> Directions for this task:
Repeat the lines of the data exactly, from the first one through the one that contains "Strategy, timing, precision, know your".

Given records START

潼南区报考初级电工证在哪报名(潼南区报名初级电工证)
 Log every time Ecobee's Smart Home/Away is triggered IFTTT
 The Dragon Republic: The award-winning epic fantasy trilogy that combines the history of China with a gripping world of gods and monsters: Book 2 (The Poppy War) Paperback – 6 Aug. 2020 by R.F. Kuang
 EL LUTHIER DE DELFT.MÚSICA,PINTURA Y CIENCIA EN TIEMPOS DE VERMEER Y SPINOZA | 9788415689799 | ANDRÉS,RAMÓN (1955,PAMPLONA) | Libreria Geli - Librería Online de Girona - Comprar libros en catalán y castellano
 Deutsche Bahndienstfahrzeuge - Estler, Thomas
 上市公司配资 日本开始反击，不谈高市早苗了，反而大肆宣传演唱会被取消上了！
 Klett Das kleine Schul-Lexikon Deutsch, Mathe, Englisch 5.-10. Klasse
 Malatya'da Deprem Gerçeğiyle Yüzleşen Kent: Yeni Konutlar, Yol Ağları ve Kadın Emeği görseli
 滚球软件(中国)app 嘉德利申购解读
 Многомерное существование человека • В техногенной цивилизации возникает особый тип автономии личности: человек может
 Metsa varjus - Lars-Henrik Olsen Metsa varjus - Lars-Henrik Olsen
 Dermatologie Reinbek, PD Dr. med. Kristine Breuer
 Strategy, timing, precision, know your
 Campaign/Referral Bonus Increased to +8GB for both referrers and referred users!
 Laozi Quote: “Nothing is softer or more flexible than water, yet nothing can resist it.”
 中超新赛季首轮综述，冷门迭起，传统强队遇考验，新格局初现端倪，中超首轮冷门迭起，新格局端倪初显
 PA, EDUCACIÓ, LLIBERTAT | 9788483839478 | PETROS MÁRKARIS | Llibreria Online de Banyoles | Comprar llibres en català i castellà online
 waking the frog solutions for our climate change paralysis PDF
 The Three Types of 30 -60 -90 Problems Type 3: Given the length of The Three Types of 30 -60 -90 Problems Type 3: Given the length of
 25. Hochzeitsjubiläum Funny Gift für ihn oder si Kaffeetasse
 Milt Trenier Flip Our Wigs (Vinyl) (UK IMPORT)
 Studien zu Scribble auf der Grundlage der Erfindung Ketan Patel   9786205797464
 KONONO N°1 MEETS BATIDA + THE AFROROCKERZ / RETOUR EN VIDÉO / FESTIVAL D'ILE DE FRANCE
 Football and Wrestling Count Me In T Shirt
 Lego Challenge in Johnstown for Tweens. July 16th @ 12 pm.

Given records END

> Task answer:
潼南区报考初级电工证在哪报名(潼南区报名初级电工证)
 Log every time Ecobee's Smart Home/Away is triggered IFTTT
 The Dragon Republic: The award-winning epic fantasy trilogy that combines the history of China with a gripping world of gods and monsters: Book 2 (The Poppy War) Paperback – 6 Aug. 2020 by R.F. Kuang
 EL LUTHIER DE DELFT.MÚSICA,PINTURA Y CIENCIA EN TIEMPOS DE VERMEER Y SPINOZA | 9788415689799 | ANDRÉS,RAMÓN (1955,PAMPLONA) | Libreria Geli - Librería Online de Girona - Comprar libros en catalán y castellano
 Deutsche Bahndienstfahrzeuge - Estler, Thomas
 上市公司配资 日本开始反击，不谈高市早苗了，反而大肆宣传演唱会被取消上了！
 Klett Das kleine Schul-Lexikon Deutsch, Mathe, Englisch 5.-10. Klasse
 Malatya'da Deprem Gerçeğiyle Yüzleşen Kent: Yeni Konutlar, Yol Ağları ve Kadın Emeği görseli
 滚球软件(中国)app 嘉德利申购解读
 Многомерное существование человека • В техногенной цивилизации возникает особый тип автономии личности: человек может
 Metsa varjus - Lars-Henrik Olsen Metsa varjus - Lars-Henrik Olsen
 Dermatologie Reinbek, PD Dr. med. Kristine Breuer
 Strategy, timing, precision, know your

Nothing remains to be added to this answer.